How to get rid of a sinus infection?

How to get rid of a sinus infection? Your doctor may recommend using a decongestant and saline nasal washes to get rid of a sinus infection. Over-the-counter decongestants should only be used for a maximum of three days before causing further congestion.

How to get rid of a sinus infection?

How long does a sinus infection last?

The symptoms of a sinus infection are similar to those of a cold. How long those signs and symptoms last varies greatly between the two conditions. The average duration of sinusitis symptoms is 10 days. Symptoms of chronic sinusitis can last for up to a year.

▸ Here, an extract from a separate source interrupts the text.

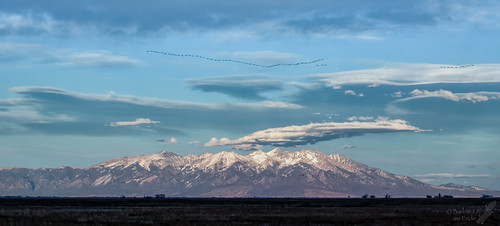 Blanca Peak by Squirrel Girl cbk, colorado march 2020 blancapeak sandhillcranes sunset panorama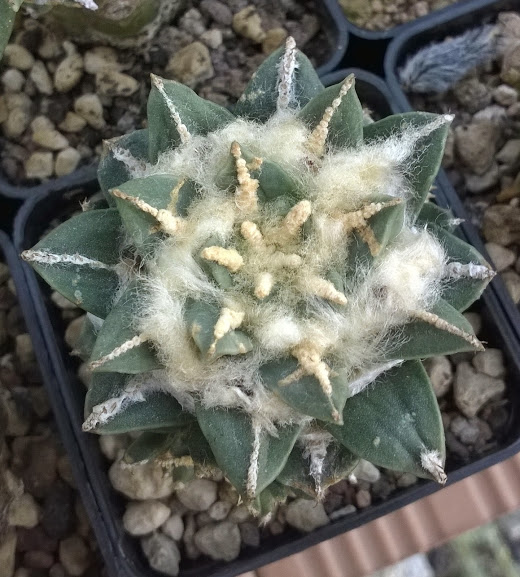 Ariocarpus retusus v pectinatus (10 seeds)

Sinus infections are usually self-healing. A sinus infection caused by a virus or an airborne irritation, such as secondhand smoke, cannot be treated with antibiotics. Some things can be done, however, to hasten the healing process.

Ways to get rid of a sinus infection

Here are mentioned some ways to get rid of sinus infection:

1. Eat foods with antibacterial properties

Foods that are high in antibacterial properties include garlic, ginger, and onions. Ginger tea might also be an option. If you want to up the ante even further, try mixing in some raw honey.

In addition to being an excellent source of antioxidants, honey is also antibacterial and antifungal.

2. Drink plenty of water

Be sure to drink plenty of water to help your body rid itself of the virus. Every two hours, drink at least 8 ounces of water.

3. Add moisture

The pressure in your sinuses can be relieved by drinking plenty of water. A humidifier in your bedroom at night can help alleviate nighttime nasal congestion.

Natural saline nasal sprays can be used both during the day and at night. To ease congestion, you can buy these at your local pharmacy and use them several times a day, as needed.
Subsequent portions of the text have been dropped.